### Assignment
Leaving out the images, please reproduce each line below exactly.

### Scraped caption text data

━━━━━━━━

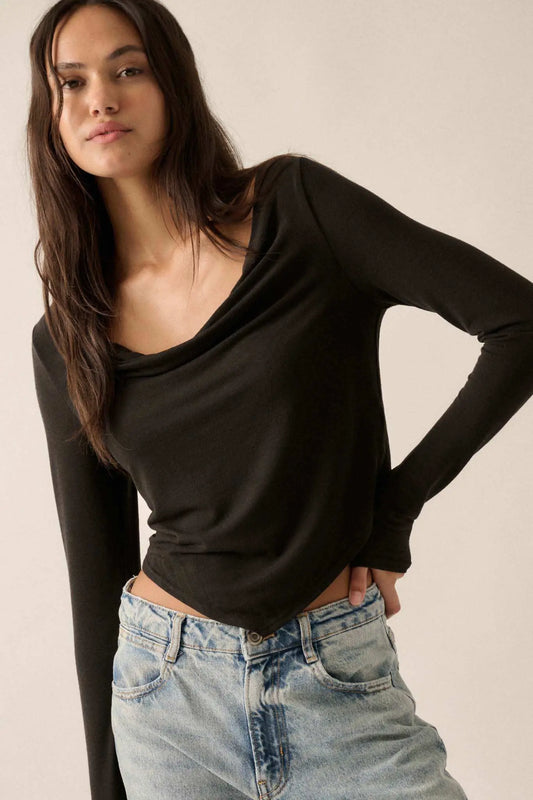 Over and Over Cowl Neck Bandana-Hem Baby Rib Top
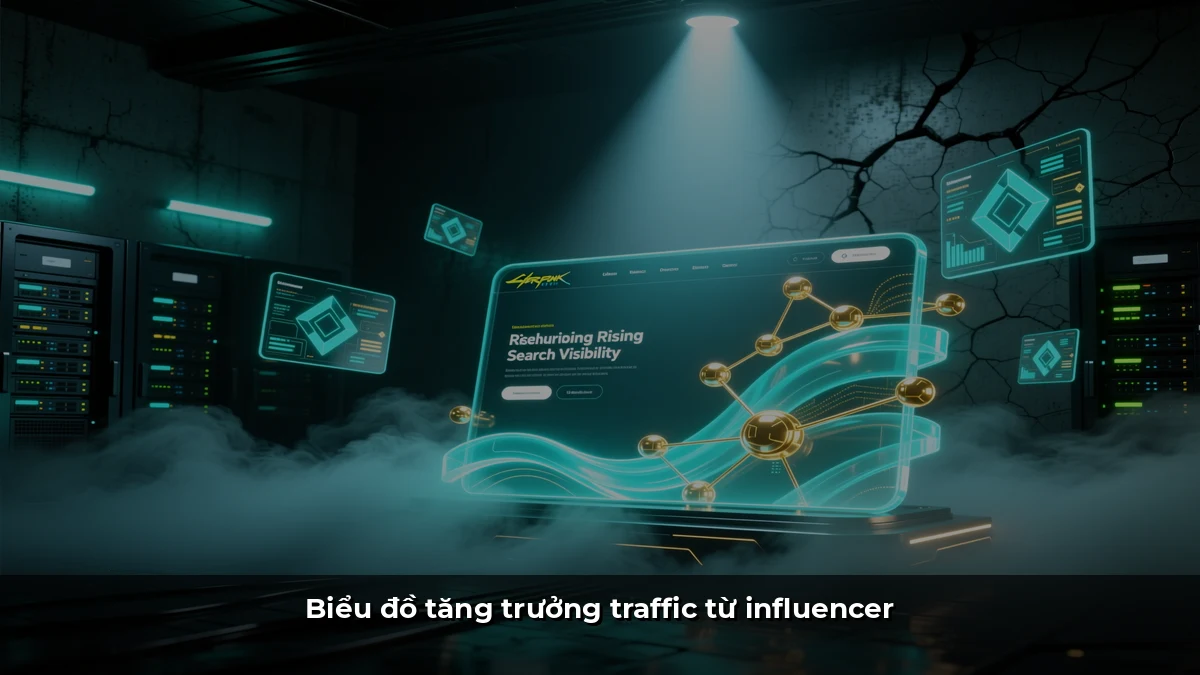 Biểu đồ tăng trưởng traffic từ influencer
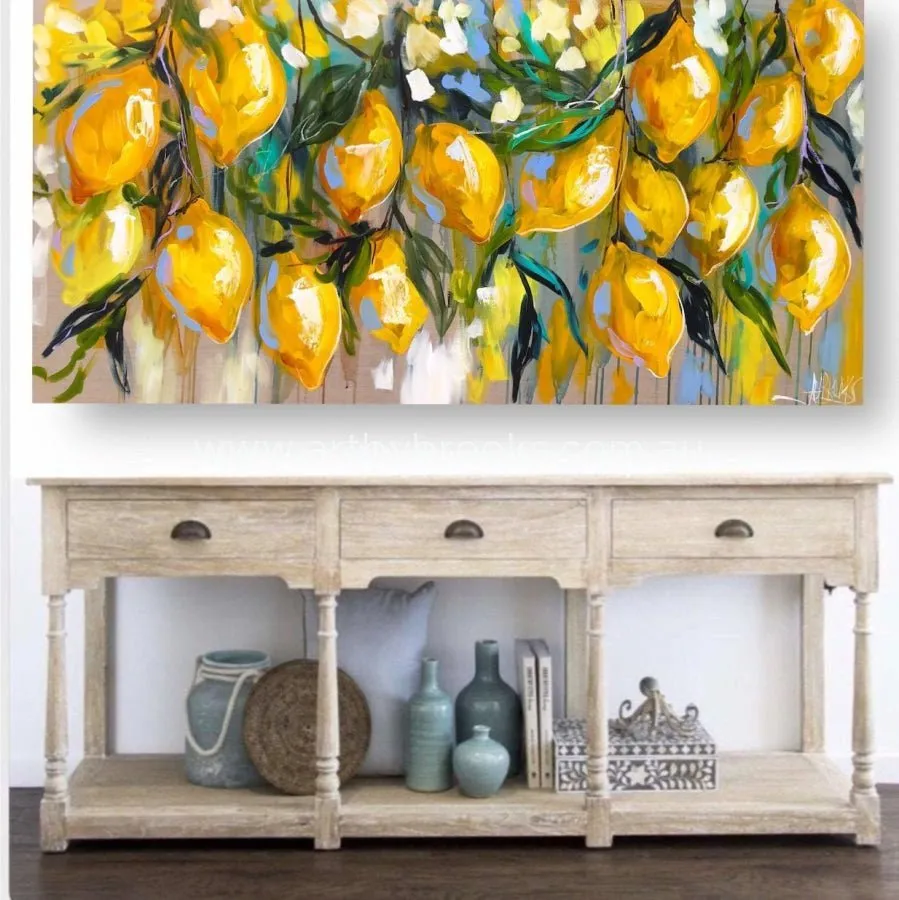 Lemon tree lane  -Original On Belgian linen  75x150 Cm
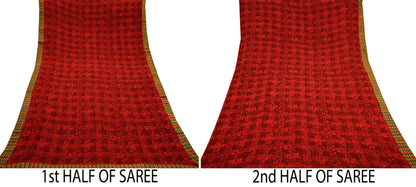 Indian Vintage Maroon & Red Pure Georgette Silk Sari | 6 Yards Abstract Printed Fabric | Boho Wrap, Craft, Quilting, Dressmaking, Upcycle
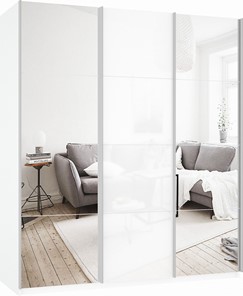 Шкаф-купе Прайм (Зеркало/Белое стекло/Зеркало) 1800x570x2300, белый снег в Тольятти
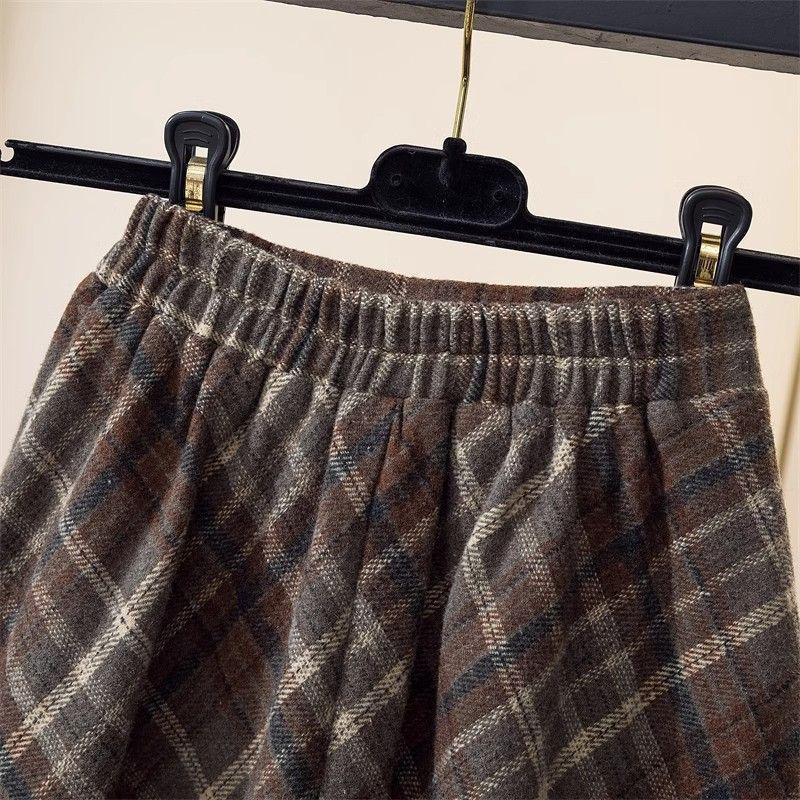 Maillard Retro Plaid Wool A-Line Skirt - Women's Mid-Length for Autumn/Winter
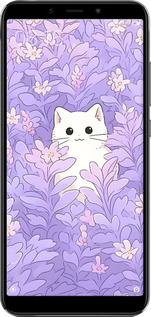 2D пластиковый чехол Котик в цветах для Xiaomi Mi A2 - 6390t-1481 изображение 
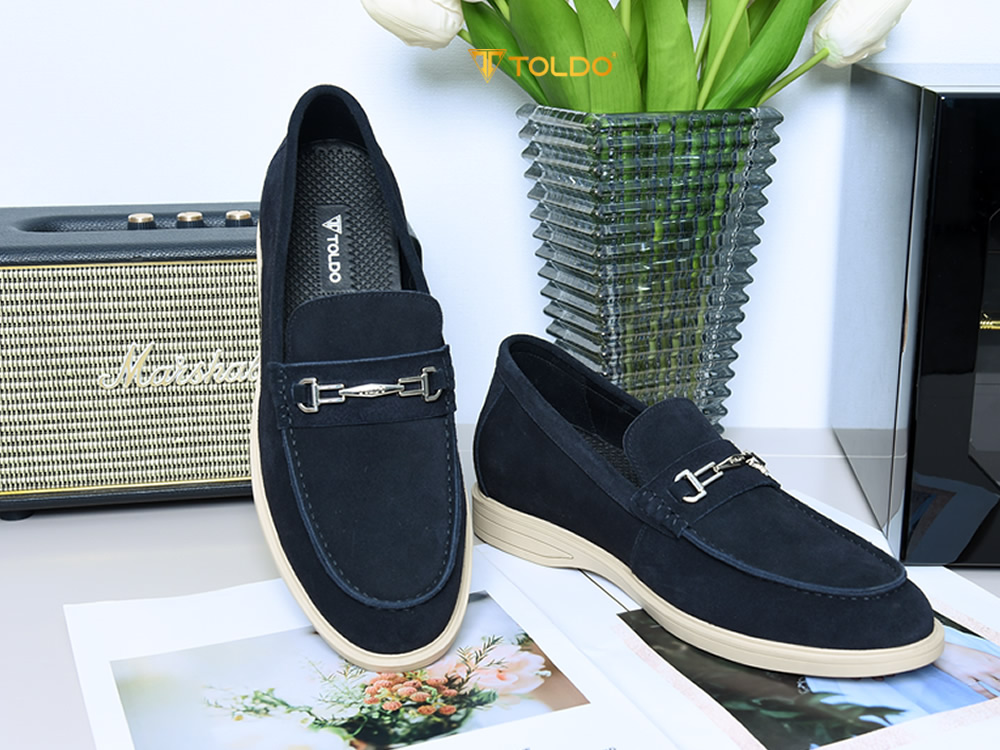 Giày cao 6cm da lộn đế khâu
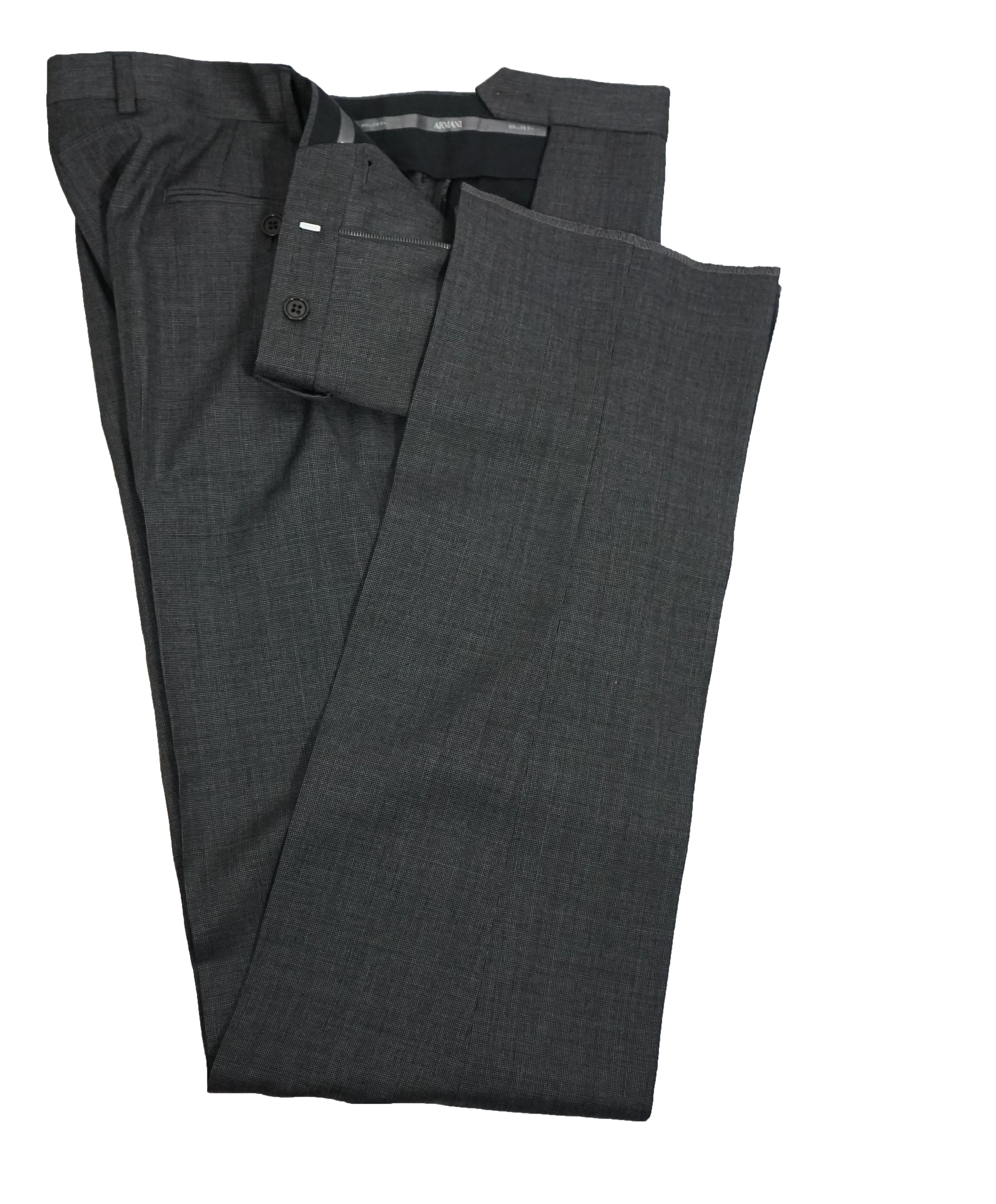 ARMANI COLLEZIONI - “METROPOLITAN” Slim Gray Textured Suit - 44R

━━━━━━━━

### Written response
 Over and Over Cowl Neck Bandana-Hem Baby Rib Top
 Biểu đồ tăng trưởng traffic từ influencer
 Lemon tree lane  -Original On Belgian linen  75x150 Cm
 Indian Vintage Maroon & Red Pure Georgette Silk Sari | 6 Yards Abstract Printed Fabric | Boho Wrap, Craft, Quilting, Dressmaking, Upcycle
 Шкаф-купе Прайм (Зеркало/Белое стекло/Зеркало) 1800x570x2300, белый снег в Тольятти
 Maillard Retro Plaid Wool A-Line Skirt - Women's Mid-Length for Autumn/Winter
 2D пластиковый чехол Котик в цветах для Xiaomi Mi A2 - 6390t-1481 изображение 
 Giày cao 6cm da lộn đế khâu
 ARMANI COLLEZIONI - “METROPOLITAN” Slim Gray Textured Suit - 44R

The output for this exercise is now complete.